Adrien Pagerie

Personal information
- Date of birth: 8 May 1992 (age 34)
- Place of birth: Clermont-Ferrand, France
- Height: 1.80 m (5 ft 11 in)
- Position: Left-back

Team information
- Current team: Chambly
- Number: 5

Senior career*
- Years: Team / Apps / (Gls)
- 2012–2014: Clermont B / 41 / (0)
- 2014–2015: Clermont / 8 / (0)
- 2015–2017: Orléans / 36 / (0)
- 2017–2018: Les Herbiers / 25 / (0)
- 2018–2019: Villefranche / 23 / (2)
- 2019–2020: Cholet / 22 / (0)
- 2020–2022: Villefranche / 48 / (3)
- 2022–2024: Orléans / 16 / (0)
- 2022–2024: Orléans B / 8 / (0)
- 2024–: Chambly / 9 / (0)

= Adrien Pagerie =

French footballer (born 1992)

Adrien Pagerie (born 8 May 1992) is a French professional footballer who plays as a left back for Championnat National 1 club Chambly.

==Club career==
A product of the youth system of Clermont Foot, having joined the club in 2012, Pagerie made his senior league debut in a 2–1 Ligue 2 defeat against Brest in August 2014.

In August 2015, Pagerie was signed by US Orléans in an overhaul of the squad following relegation from Ligue 2.

He joined Les Herbiers on 24 June 2017. He played in the 2018 Coupe de France Final whilst at Les Herbiers.

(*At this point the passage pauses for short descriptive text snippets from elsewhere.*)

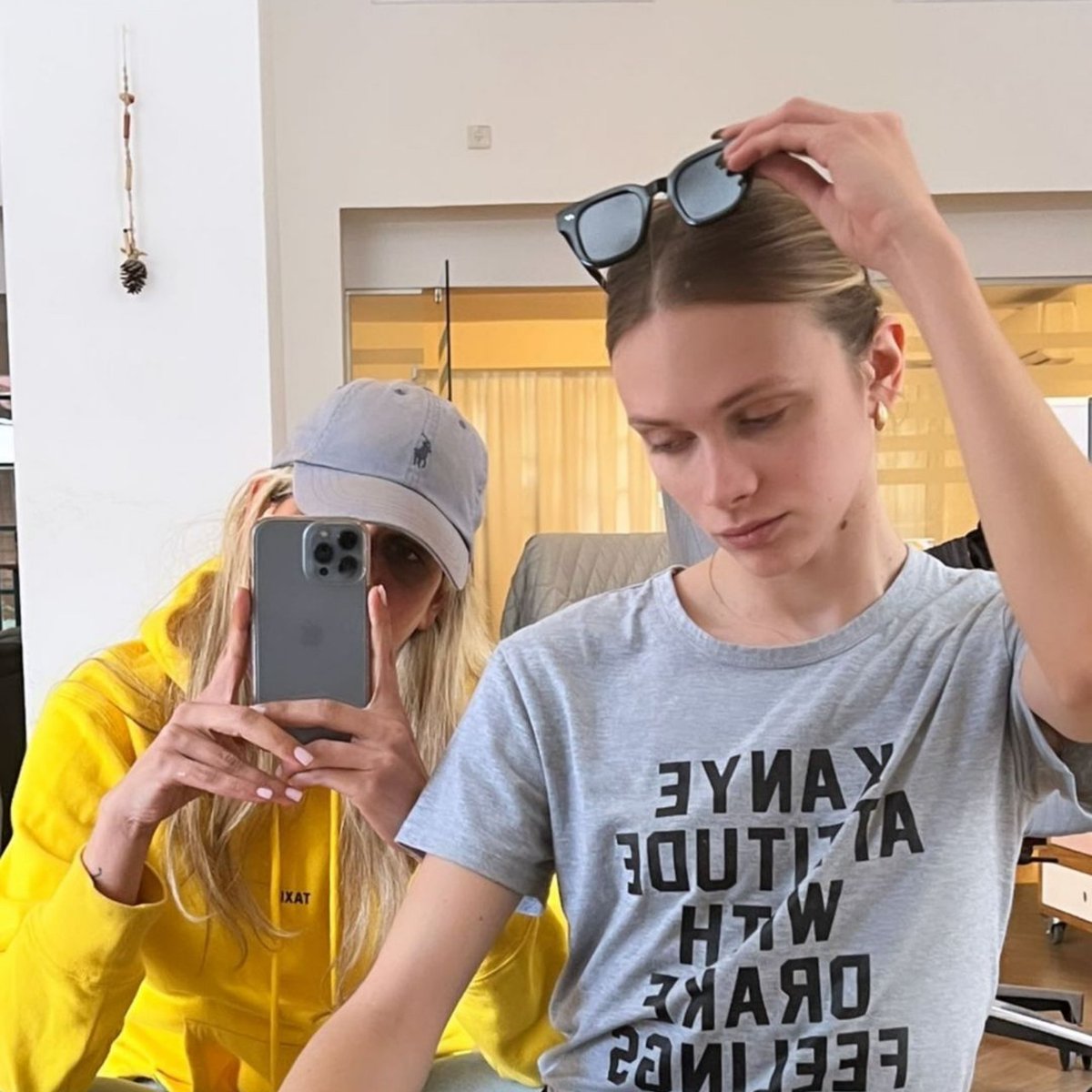 MauriceJohnMoro's tweet photo. The latest pics of #supernodel and #actress @ImStavStrashko 🇺🇦🙏🇺🇦🙏🇺🇦🙏🇺🇦🙏

#stavstrashko #fashion #model #fashionmodel #fashionista #ukraine #lgbt #lgbtq #london #paris #milan #nyc https://t.co/BNYP8leCkD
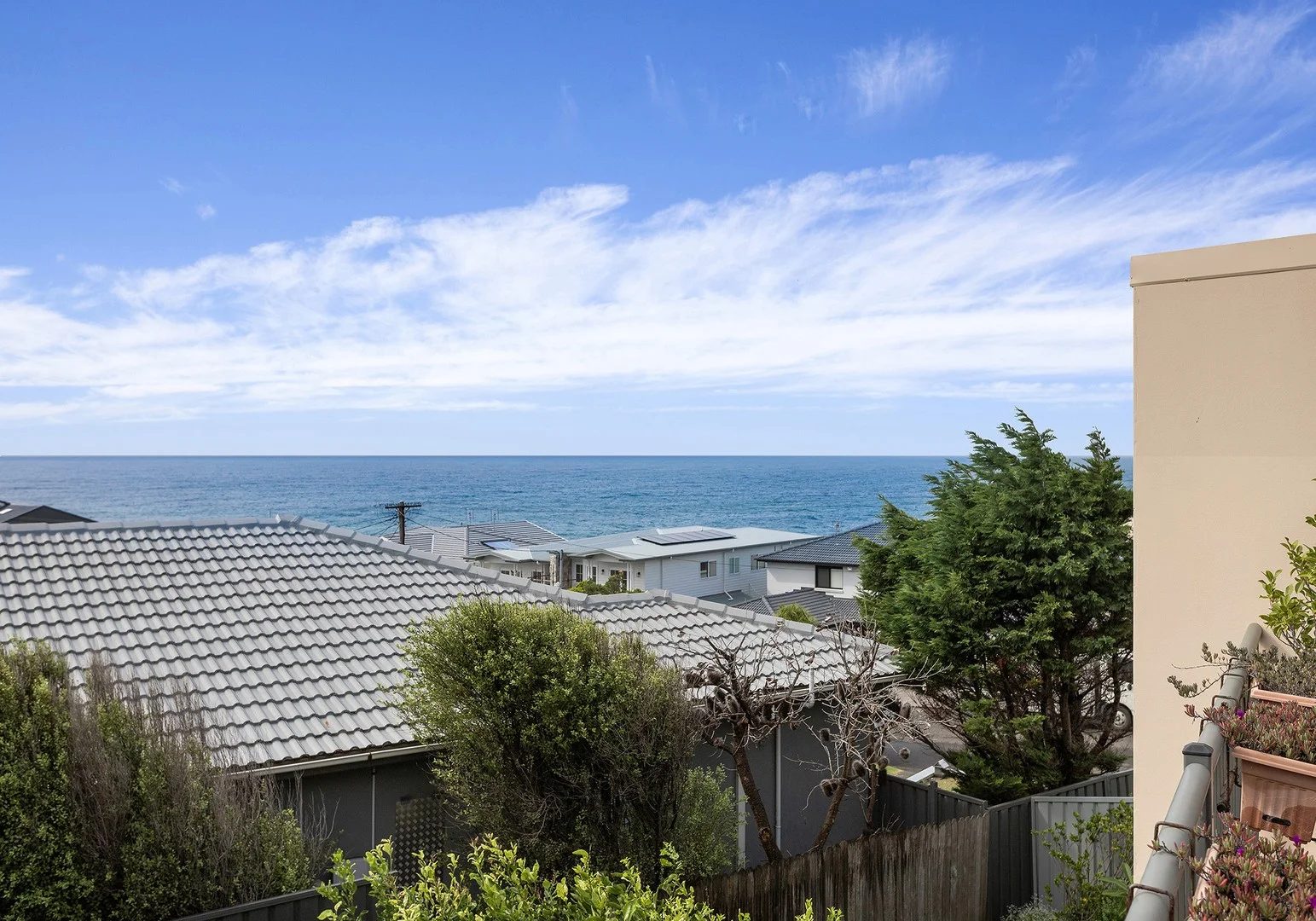 56A Boanyo Avenue, Kiama NSW 2533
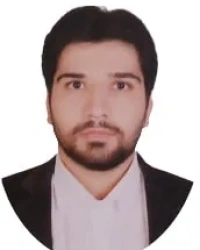 جبرئیل فرهادیان فر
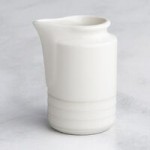 RAK Porcelain Rondo 11 3/8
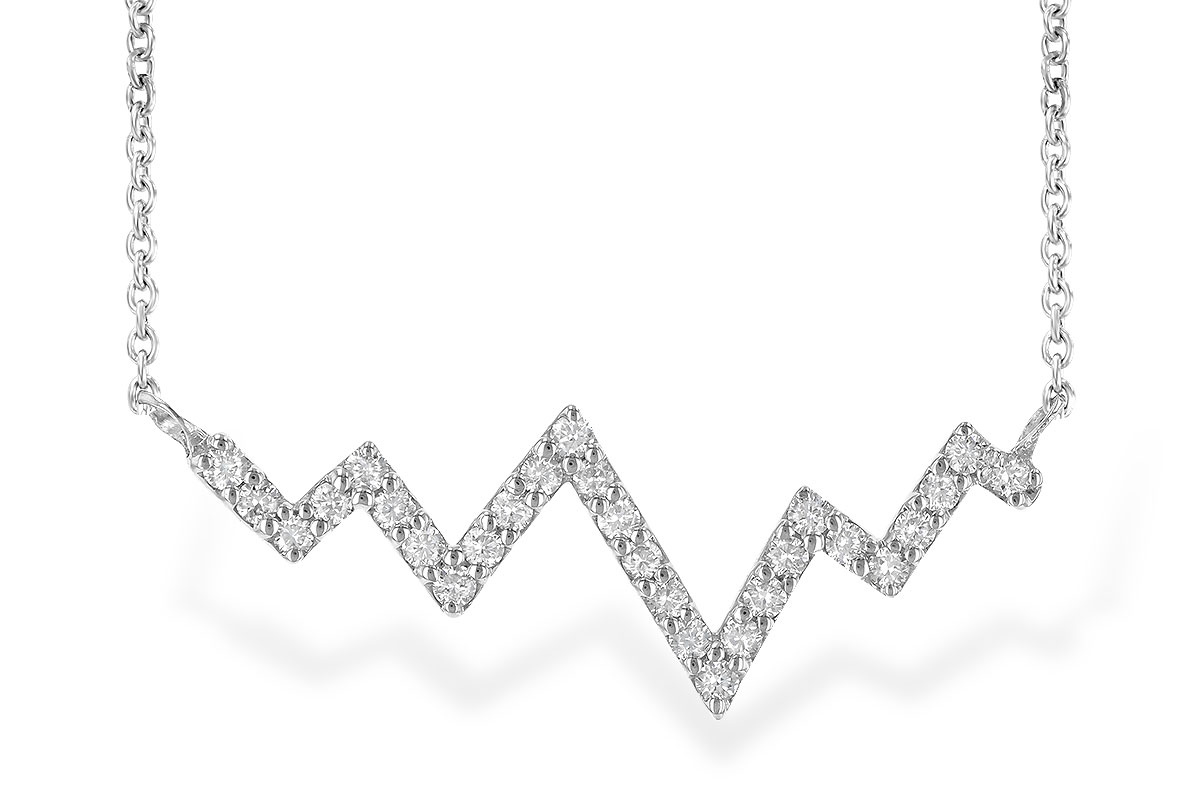 F190-59266: NECK .21 TW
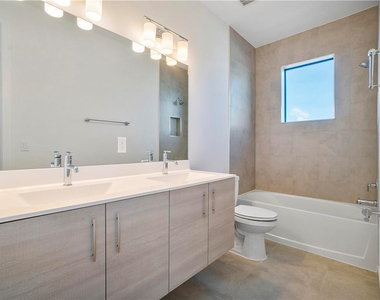 10870 Oceano Way - Photo Thumbnail 30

Pagerie played the 2018–19 season with Villefranche in Championnat National, but moved to Cholet in the same division in June 2019, in order to play for promotion. Despite signing a two-and-a-half-year contract with Cholet, he left at the end of the first season, rejoining Villefranche for a second spell in July 2020.

On 21 July 2022, Pagerie returned to Orléans.